Sunday, 17 July 2016

16th Sunday of the Year

Christ in the House of Martha and Mary, Erasmus II Quellin

Today's readings are about hospitality. Our Gospel for this Sunday is clearly about hospitality — but whose? At one level, it is true, the hospitality is clearly that of Martha, who accepts Jesus into her home. But it is also the hospitality of Jesus, who thinks that it is permissible and proper to be with women and to talk to them about the things of God; like the three men in our first reading, Jesus actually honours the house of the two sisters simply by being there and not worrying about ritual impurity. Jesus is, Luke tells us, on the journey, and we already know that it will take him to Jerusalem and death; furthermore, he has just had an aggressive encounter with the lawyer that provoked the deeply subversive story of the Good Samaritan. The tone here is far gentler (Luke is, in the end, a very gentle gospel); but it is also subversive, for the last thing that we should expect is that a woman would give hospitality.

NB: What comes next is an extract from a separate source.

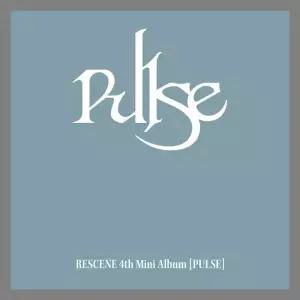 리센느 (RESCENE) / PULSE 미니앨범 4집 (Limited ver) CMCC12485 예약11/4발송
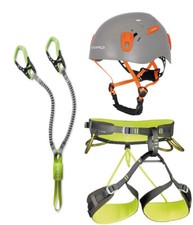 Edelrid klettersteigset cable - klettersteigset,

And not just one, but two; for Martha has a sister, Mary, who "sat at the feet of the Lord, and listened to his word", and inevitably we remember that other Mary, in the second chapter of Luke's gospel, who "kept all these things in her heart". There is drama, however, and tension, for Martha has allowed the hospitality to be a drain on her; and she flips, and starts giving orders to the Lord (this is hospitality gone horribly wrong), "don't you care that my sister" (she can't bring herself even to utter her name) "has abandoned me to serve? Tell her to help!" Jesus is incredibly gentle in the face of this aggression, the repetition of her name ("Martha, Martha") robbing his reply of all venom; and he says that Mary's portion 'shall not be taken from her". Who is giving hospitality to whom?